The name does not matter right now :)
TL,DR: See dataset/editing_map for the dataset !
This repository only contains code for creating a dataset of known RNA editing sites in plant mitochondrial genomes, and a few utility function that I need to encode a MSA as a matrix. In the next few hours (when I am free), I will start adding implementation of the methods described in the document.

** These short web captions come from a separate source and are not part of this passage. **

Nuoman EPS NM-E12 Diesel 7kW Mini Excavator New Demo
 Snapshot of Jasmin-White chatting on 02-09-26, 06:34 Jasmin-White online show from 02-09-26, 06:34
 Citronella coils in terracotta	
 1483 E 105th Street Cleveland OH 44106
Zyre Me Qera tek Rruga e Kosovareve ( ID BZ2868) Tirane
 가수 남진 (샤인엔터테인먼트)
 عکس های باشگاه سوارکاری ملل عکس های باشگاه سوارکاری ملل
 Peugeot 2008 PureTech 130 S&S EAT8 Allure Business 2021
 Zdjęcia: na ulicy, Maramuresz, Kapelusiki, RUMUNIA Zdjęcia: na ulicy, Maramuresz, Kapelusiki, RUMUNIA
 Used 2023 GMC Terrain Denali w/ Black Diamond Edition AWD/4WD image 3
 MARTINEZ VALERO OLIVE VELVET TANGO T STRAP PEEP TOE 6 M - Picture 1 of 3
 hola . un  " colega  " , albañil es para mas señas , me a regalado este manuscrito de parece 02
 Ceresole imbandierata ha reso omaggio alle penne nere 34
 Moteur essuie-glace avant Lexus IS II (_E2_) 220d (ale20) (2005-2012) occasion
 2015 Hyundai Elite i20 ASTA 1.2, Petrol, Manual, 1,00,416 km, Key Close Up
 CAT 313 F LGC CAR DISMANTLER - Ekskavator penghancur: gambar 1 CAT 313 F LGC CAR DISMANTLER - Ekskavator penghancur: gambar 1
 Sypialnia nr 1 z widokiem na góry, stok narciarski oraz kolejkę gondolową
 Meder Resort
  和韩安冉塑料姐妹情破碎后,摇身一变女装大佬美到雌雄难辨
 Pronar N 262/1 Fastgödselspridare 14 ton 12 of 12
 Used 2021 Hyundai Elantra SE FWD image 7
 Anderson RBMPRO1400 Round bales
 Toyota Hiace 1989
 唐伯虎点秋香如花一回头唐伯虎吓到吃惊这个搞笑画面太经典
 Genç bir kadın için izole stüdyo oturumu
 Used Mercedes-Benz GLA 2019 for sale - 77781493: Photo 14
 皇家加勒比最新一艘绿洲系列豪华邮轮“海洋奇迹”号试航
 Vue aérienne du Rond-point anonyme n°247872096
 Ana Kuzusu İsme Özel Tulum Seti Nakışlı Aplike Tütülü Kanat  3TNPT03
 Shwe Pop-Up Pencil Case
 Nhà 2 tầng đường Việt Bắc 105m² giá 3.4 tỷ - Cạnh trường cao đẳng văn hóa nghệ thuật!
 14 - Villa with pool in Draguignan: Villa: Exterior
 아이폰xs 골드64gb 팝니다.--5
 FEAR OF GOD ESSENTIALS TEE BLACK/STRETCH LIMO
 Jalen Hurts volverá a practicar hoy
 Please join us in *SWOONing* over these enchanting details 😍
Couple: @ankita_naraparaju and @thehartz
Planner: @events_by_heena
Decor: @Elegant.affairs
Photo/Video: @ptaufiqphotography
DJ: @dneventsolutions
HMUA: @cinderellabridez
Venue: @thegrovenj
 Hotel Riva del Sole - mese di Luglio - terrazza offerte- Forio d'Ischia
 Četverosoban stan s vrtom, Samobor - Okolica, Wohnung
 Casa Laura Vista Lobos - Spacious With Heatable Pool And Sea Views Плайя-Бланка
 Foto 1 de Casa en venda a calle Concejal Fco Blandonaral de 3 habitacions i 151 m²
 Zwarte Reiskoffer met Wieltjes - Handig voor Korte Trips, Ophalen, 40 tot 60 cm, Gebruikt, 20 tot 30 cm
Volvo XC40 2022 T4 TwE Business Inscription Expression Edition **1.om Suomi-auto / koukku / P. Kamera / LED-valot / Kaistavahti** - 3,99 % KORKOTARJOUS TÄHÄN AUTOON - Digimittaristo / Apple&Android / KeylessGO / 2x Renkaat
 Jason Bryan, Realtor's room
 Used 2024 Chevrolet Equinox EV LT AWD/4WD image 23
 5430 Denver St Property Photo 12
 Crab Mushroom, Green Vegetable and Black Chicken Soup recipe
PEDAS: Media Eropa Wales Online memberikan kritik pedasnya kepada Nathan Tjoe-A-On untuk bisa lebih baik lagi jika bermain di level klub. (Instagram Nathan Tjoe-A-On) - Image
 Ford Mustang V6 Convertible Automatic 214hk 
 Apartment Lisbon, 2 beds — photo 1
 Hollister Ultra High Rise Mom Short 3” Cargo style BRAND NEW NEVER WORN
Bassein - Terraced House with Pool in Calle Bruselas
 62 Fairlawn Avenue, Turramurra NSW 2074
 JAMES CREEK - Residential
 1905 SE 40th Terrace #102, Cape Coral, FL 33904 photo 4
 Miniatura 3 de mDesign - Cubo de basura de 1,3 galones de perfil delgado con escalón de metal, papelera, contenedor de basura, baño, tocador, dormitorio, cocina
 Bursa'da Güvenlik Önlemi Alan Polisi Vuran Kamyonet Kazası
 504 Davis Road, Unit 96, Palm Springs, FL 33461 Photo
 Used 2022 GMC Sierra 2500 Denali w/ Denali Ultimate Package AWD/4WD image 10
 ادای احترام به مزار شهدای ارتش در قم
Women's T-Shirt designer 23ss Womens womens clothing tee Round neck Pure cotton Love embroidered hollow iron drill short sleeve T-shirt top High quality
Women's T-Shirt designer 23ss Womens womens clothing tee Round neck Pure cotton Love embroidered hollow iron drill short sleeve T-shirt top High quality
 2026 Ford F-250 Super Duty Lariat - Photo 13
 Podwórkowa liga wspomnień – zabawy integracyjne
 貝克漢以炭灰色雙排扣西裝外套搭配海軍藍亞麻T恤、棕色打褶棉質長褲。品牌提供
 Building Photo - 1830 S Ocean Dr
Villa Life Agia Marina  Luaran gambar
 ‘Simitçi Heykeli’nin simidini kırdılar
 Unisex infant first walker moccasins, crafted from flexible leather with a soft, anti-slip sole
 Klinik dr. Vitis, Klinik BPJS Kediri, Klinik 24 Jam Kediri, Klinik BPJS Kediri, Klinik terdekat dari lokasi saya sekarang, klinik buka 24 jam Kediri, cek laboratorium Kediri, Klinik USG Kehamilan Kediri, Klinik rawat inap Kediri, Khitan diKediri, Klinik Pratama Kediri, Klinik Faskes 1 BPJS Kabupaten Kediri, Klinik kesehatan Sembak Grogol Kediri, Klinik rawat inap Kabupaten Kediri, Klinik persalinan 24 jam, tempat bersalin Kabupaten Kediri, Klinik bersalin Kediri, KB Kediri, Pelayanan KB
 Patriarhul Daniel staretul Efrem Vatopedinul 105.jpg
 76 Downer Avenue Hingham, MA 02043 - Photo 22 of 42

. +-- setup.py ==> not really useful anymore as I am using click +-- README.md ==> this file +-- .gitignore +-- misc | +-- genelist ==> list of accepted gene list | +-- dbraw/editing.txt ==> content raw database file, | essentially a text dumb of the dead REDidb database +-- dataset | +-- Edit.db ==> sqlite database that contains a comprehensible list of | RNA editing in various genomes (see details below) | +-- prot_align/ ==> folder that contains all proteins MSA (obtained with mafft) | that I used as template for the codon-by-codon alignment | +-- genomes/ ==> Folder that contains raw mitochondrial genomes in genbank format | | +-- editing_map ==> dataset of interest that give the edited positions in the alignment +-- AlignFormat.py ==> Format alignment into matrix +-- DBManager.py ==> Parse the text database of RNA editing and save it into an sqlite database +-- DataParser.py ==> Given a set of genbank file, parse the file using only genes of interest and extract all potentially edited site, then save them
Despite my best efforts, it is still possible that the true positive dataset might be incomplete or could include a few false positives. I have added safeguards to ensure that only edited positions, where C
is the nucleotide found in the genomic sequence, are considered.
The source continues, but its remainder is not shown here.